I was lucky enough to see David J Roch at the launch of exciting film/music venture City Sessions, which has been set up by the lovely Matthew Lawes (@mattylawes if you’re on twitter.) The video I’ve included is one of the installments from Matt and co’s City Sessions, check the rest out, here. Anyway, more about that another time, what follows is my review of Roch’s album, originally written for The 405, published here.
Say what you want about David J Roch but one thing is for sure; he possesses a pretty impressive set of pipes. Pretty outstanding actually, he can switch from bluesy baritone to soaring falsetto with not so much as a second thought – making his debut album one that can’t fail to make you sit up and listen.

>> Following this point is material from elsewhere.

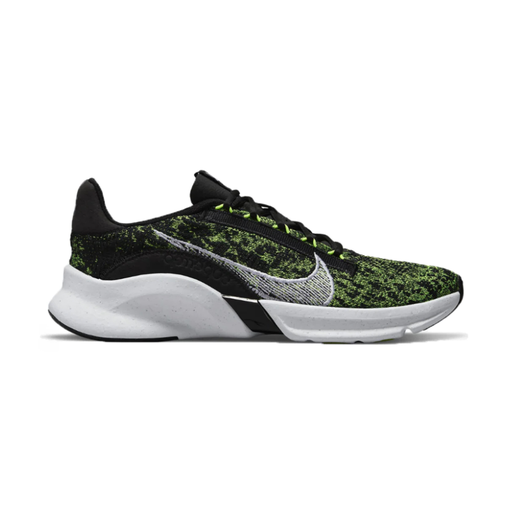 ZAPATO TRAINNING NIKE SUPERREP GO 3 FLYKNIT BLK/WHT-VOLT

The first track, ‘The Lost Child’ is as good a showcase of this as any. It starts quietly, just an electric guitar and Roch’s voice residing very much at the higher end of the scales – almost piercing, but as instruments join in so Roch’s voice warms up, leading to an impassioned chorus of “all I’ve got is love.”

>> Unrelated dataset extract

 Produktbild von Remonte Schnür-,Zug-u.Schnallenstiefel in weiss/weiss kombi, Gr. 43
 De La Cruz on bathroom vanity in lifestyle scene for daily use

Roch definitely appears to have adopted the wear-your-heart-on-your-sleeve approach to songwriting. For example, in ‘Hour of Need’ he sings, “I’m so ashamed of what I’ve done and yet so afraid of what’s to come, you gave me up to be lonely with another boy” – making for a heartwarming and honest listen.
The comparisons are many and varied; Damien Rice is one, and there’s something Michael Stipe-esque about his delivery in songs like ‘Bones’. British Sea Power also come to mind, so it’s unsurprising then that Roch provided support for British Sea Power on their most recent tour and I can only imagine won himself a few fans in the process.
‘Lonely Unfinished’ is especially atmospheric mainly because of the use of a church organ, “love is splendid agony” goes the refrain, like a tortured medieval lullaby, and Roch uses his higher range to perfection on this track.
‘Dew’ is reminiscent of some of the more recent sounds of say, Zola Jesus or Hurts both of whom manage to make current music with clear 80s and 90s influences – proof that Roch has more than one string to his bow. ‘Devil Don’t Mind’ harks to a southern gospel sound and Roch has admitted he is a fan of this style of music and indeed jazz. Of course, he has put his own slightly macabre spin on proceedings here as everywhere, which results in the killer line, “there’s no point in being well behaved, when you’re stood in your own grave.”
These gothic undertones are common throughout the album and Roch is clearly a bit preoccupied by thoughts and ideas surrounding mortality – ‘Bones’, ‘Skin and Bones’, ‘Devil’ – all are darkly romantic and yet thrillingly uplifting. ‘Skin and Bones’ has single written all over it – close enough to anthemic folk to perhaps permit it some serious radio time ala Mumford & Sons.